Short descriptive text snippets:

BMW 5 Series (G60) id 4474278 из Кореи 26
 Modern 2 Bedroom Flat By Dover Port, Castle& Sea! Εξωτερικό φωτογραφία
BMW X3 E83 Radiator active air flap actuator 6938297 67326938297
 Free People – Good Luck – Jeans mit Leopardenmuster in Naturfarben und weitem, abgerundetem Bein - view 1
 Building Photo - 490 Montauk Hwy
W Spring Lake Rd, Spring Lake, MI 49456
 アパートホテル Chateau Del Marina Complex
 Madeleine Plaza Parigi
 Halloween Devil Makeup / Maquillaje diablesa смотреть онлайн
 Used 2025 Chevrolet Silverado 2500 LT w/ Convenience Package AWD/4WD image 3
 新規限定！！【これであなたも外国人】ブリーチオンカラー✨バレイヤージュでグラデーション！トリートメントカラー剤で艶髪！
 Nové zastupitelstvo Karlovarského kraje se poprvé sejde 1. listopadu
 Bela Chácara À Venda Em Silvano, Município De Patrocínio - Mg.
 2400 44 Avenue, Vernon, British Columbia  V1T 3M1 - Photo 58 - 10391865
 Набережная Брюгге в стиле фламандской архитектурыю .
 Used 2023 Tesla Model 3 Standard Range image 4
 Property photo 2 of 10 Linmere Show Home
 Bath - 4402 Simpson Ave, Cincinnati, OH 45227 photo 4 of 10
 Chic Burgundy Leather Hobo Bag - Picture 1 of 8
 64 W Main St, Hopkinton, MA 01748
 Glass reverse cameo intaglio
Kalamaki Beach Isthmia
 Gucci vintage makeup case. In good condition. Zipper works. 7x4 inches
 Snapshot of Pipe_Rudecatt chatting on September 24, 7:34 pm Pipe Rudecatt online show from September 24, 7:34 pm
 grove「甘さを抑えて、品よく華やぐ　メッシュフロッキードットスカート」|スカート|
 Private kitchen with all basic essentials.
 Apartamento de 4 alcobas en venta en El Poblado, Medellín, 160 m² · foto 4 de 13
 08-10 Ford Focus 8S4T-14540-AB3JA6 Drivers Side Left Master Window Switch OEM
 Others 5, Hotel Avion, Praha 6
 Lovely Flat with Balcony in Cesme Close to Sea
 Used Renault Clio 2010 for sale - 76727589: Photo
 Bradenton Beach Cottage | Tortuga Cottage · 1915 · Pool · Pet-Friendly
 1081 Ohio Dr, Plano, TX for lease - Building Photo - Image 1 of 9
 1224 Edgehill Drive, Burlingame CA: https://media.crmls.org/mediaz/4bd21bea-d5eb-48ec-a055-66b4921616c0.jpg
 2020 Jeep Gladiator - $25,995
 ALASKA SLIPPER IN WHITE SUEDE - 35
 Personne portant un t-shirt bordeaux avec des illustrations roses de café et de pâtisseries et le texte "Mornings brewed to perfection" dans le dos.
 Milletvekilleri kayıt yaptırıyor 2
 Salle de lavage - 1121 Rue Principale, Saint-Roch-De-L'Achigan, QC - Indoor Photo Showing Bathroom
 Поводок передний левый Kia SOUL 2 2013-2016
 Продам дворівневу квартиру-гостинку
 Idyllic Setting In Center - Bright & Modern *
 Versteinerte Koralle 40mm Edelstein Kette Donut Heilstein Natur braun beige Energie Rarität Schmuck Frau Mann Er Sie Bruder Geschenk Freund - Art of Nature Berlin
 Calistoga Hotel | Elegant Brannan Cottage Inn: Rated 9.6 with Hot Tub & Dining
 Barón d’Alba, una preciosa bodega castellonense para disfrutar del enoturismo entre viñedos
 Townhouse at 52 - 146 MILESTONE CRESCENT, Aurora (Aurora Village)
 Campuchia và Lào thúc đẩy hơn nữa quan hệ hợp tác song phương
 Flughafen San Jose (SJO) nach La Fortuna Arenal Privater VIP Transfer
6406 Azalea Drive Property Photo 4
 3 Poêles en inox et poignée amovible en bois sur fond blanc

PROBLEM:
In the lines above, locate the string "Beach". Copy every line where it occurs.

ANSWER SECTION:
Kalamaki Beach Isthmia
 Bradenton Beach Cottage | Tortuga Cottage · 1915 · Pool · Pet-Friendly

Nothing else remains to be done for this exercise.